*** Opening of Given data ***

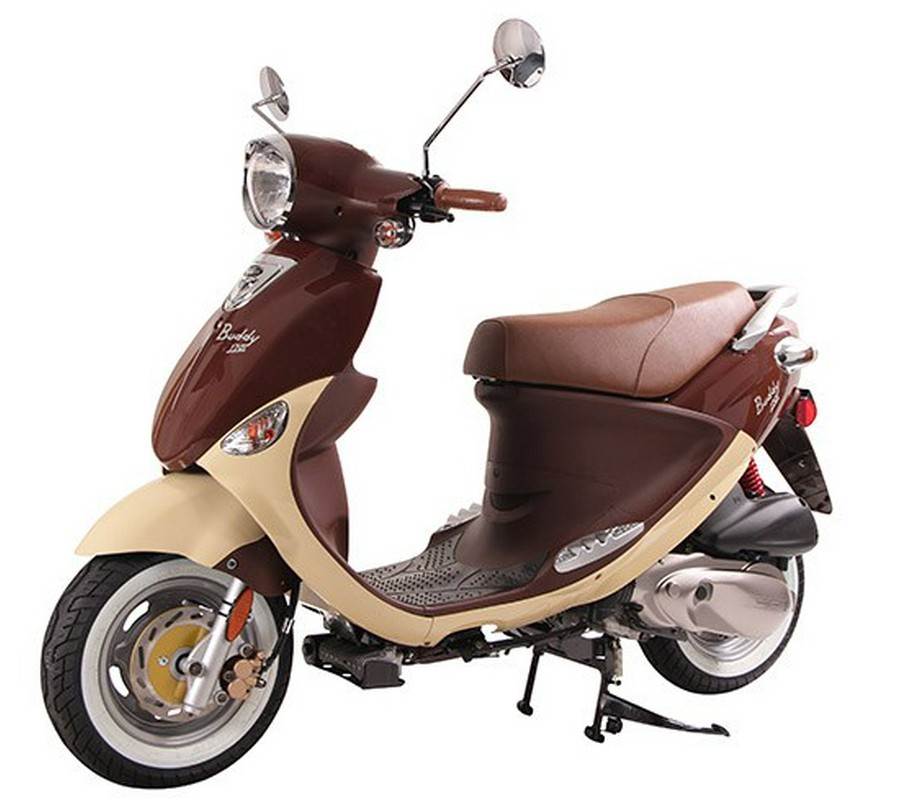 Genuine Scooter Company Buddy 170i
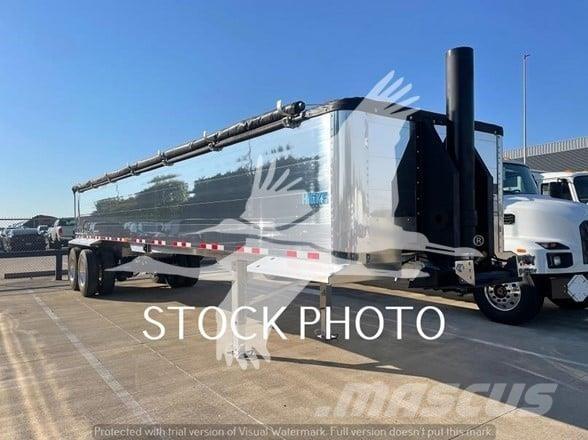  HICKS SL3729 مقطورات قلابة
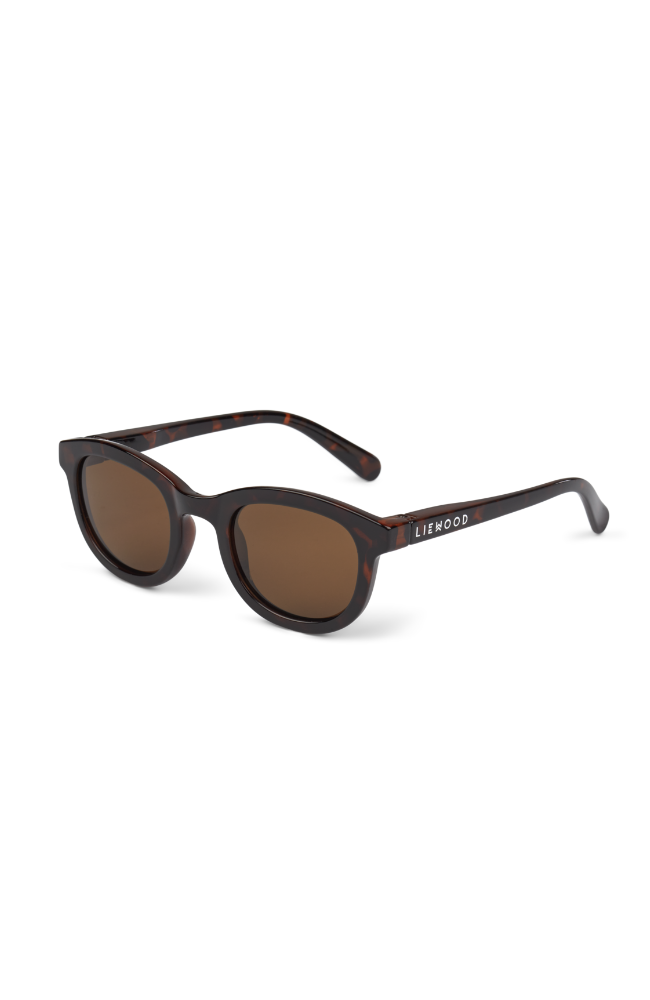 Ruben Sunglasses - Dark Tortoise/Shiny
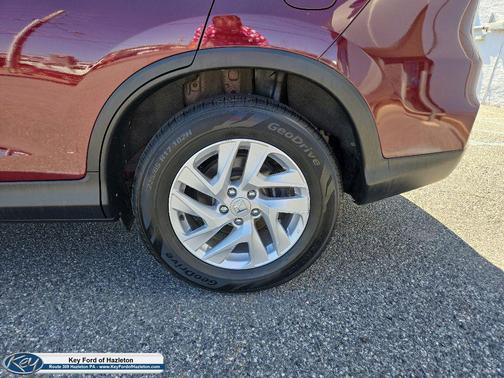 Kona Coffee Metallic 2016 Honda CR-V EX-L
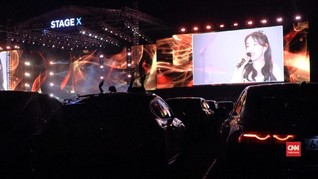 VIDEO: Melihat Konser Drive-in di Korea Selatan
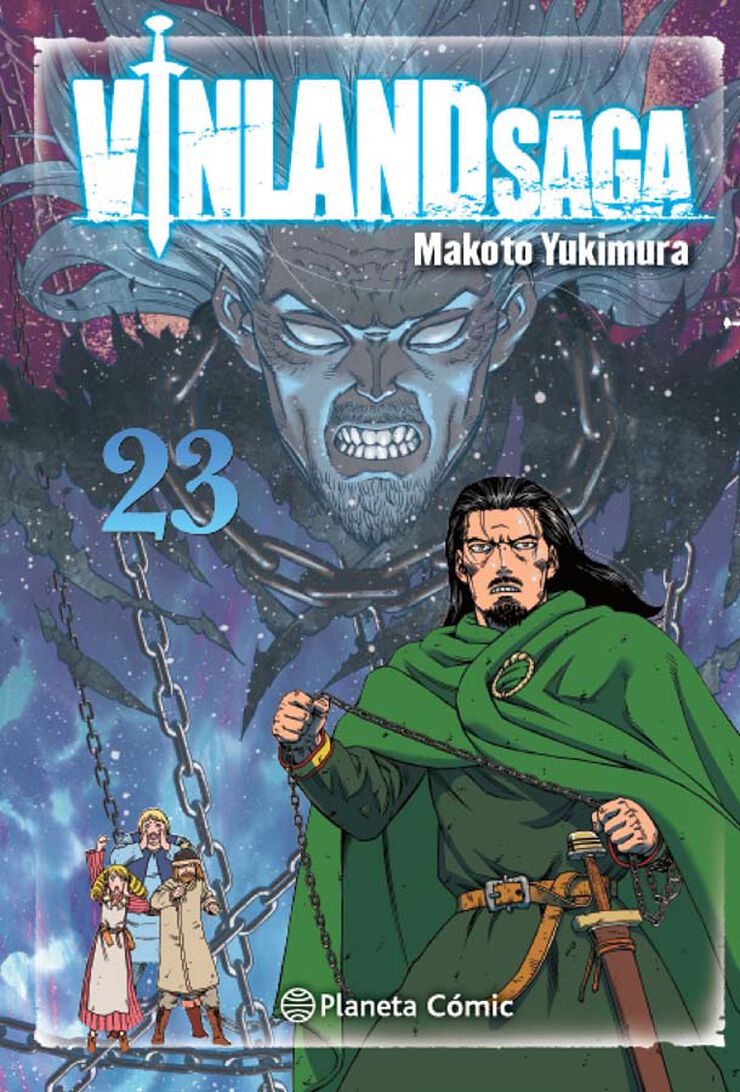 Vinland Saga n&ordm; 23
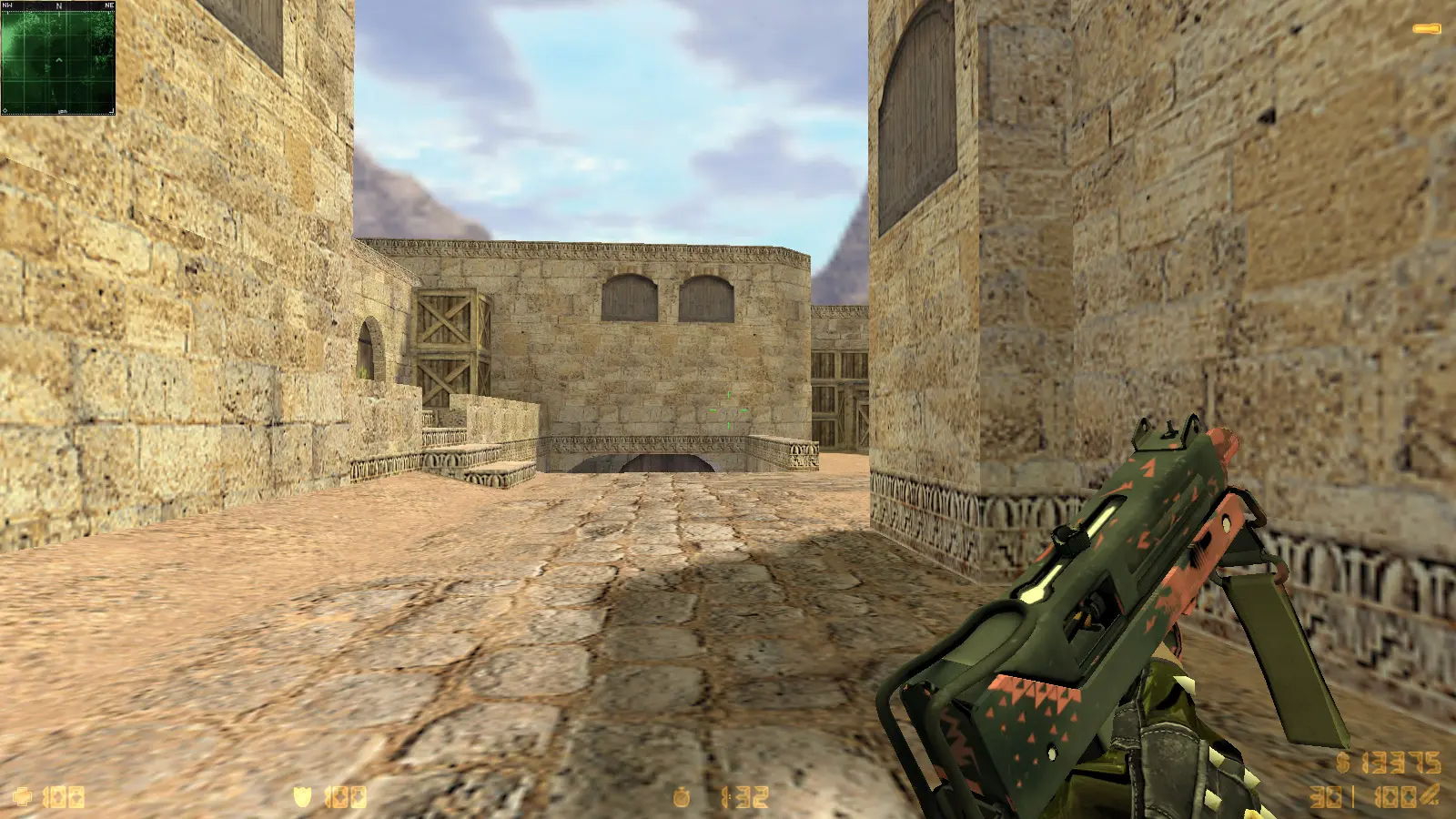Скриншот 24 — CS 1.6 Exclusive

*** Close of Given data ***

Your goal: Copy out exactly the lines that begin at the line with "Ruben Sunglasses - Dark Tortoise/Shiny" and end at the final line of the entries above. Leave out the pictures.

The answer:
 Ruben Sunglasses - Dark Tortoise/Shiny
 Kona Coffee Metallic 2016 Honda CR-V EX-L
 VIDEO: Melihat Konser Drive-in di Korea Selatan
 Vinland Saga n&ordm; 23
Скриншот 24 — CS 1.6 Exclusive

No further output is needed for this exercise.